__Directions__
Every entry in the data that follows should come back exactly, pictures aside.

Task input below:

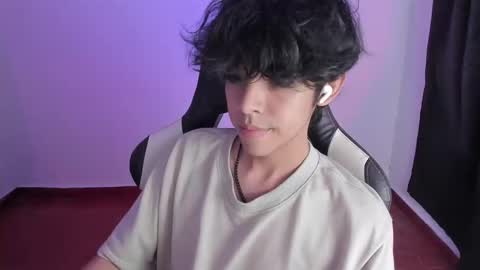 Snapshot of alan18n chatting on 7, 1, 2025 alan18n online show from 7, 1, 2025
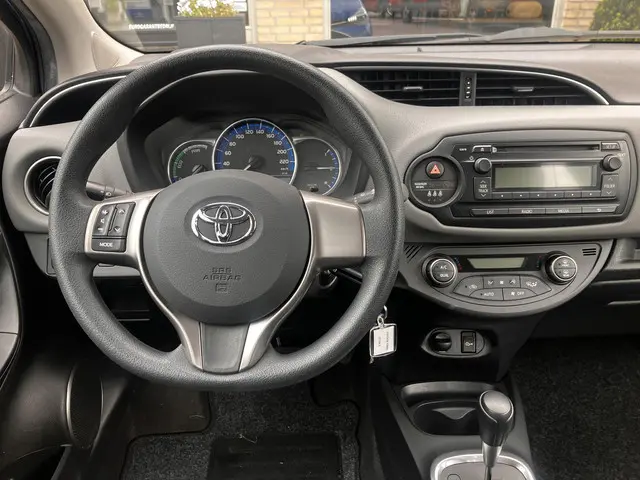 Toyota Yaris 1.5 Hybrid Now 2016 Hybride Benzine 16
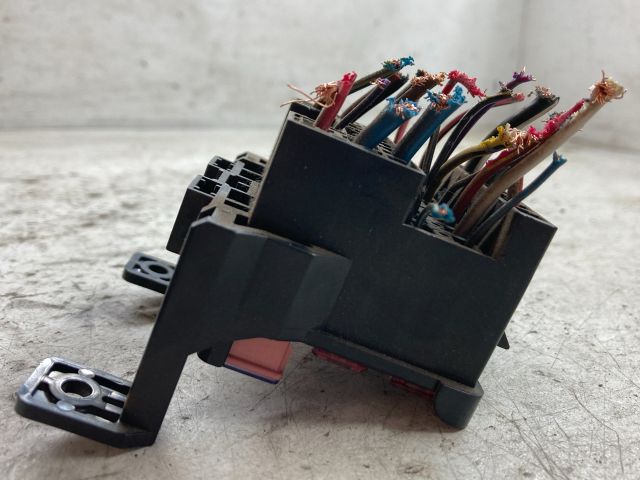 bontott MAZDA PREMACY Biztosítéktábla Doboz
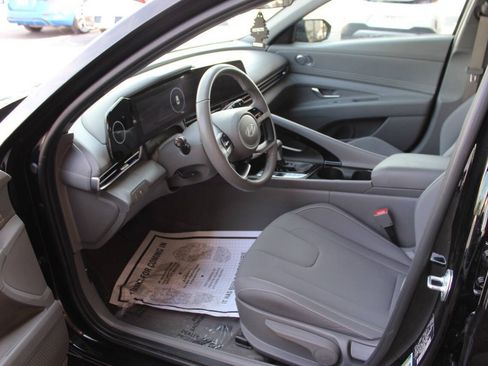 Used 2025 Hyundai Elantra SEL FWD image 16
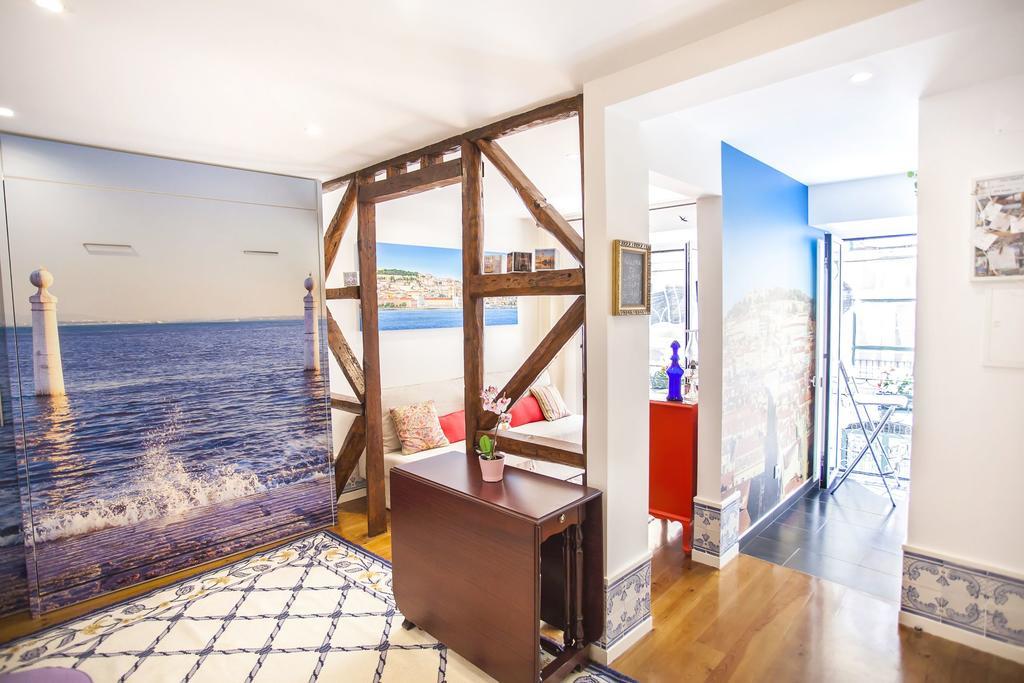 Typical Bairro Alto Apartment Lisbon Exterior photo
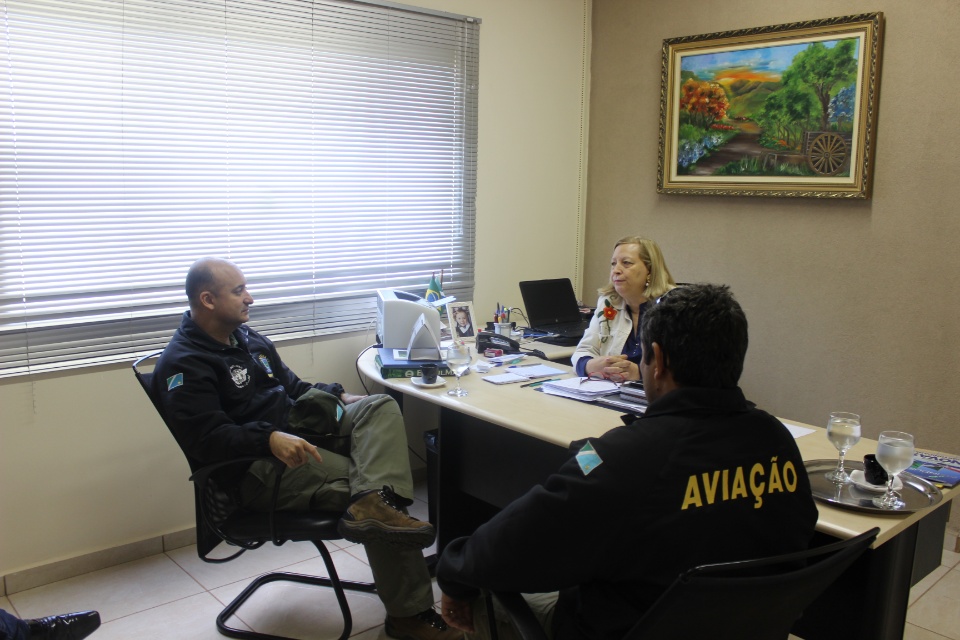 Superintendente viário da Seinfra visita Câmara Municipal de Bonito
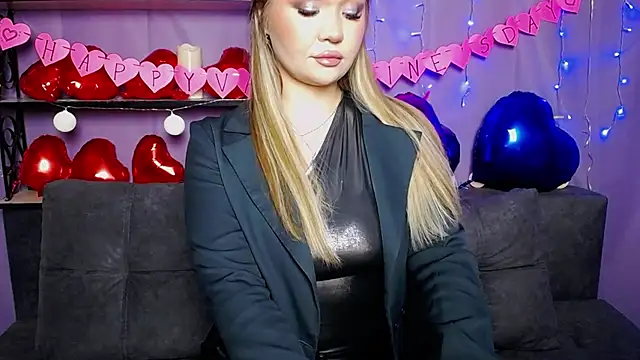 StacyYellig online show from 02-02-25, 11:11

End of Task input.

__Written answer__
 Snapshot of alan18n chatting on 7, 1, 2025 alan18n online show from 7, 1, 2025
 Toyota Yaris 1.5 Hybrid Now 2016 Hybride Benzine 16
 bontott MAZDA PREMACY Biztosítéktábla Doboz
 Used 2025 Hyundai Elantra SEL FWD image 16
 Typical Bairro Alto Apartment Lisbon Exterior photo
 Superintendente viário da Seinfra visita Câmara Municipal de Bonito
 StacyYellig online show from 02-02-25, 11:11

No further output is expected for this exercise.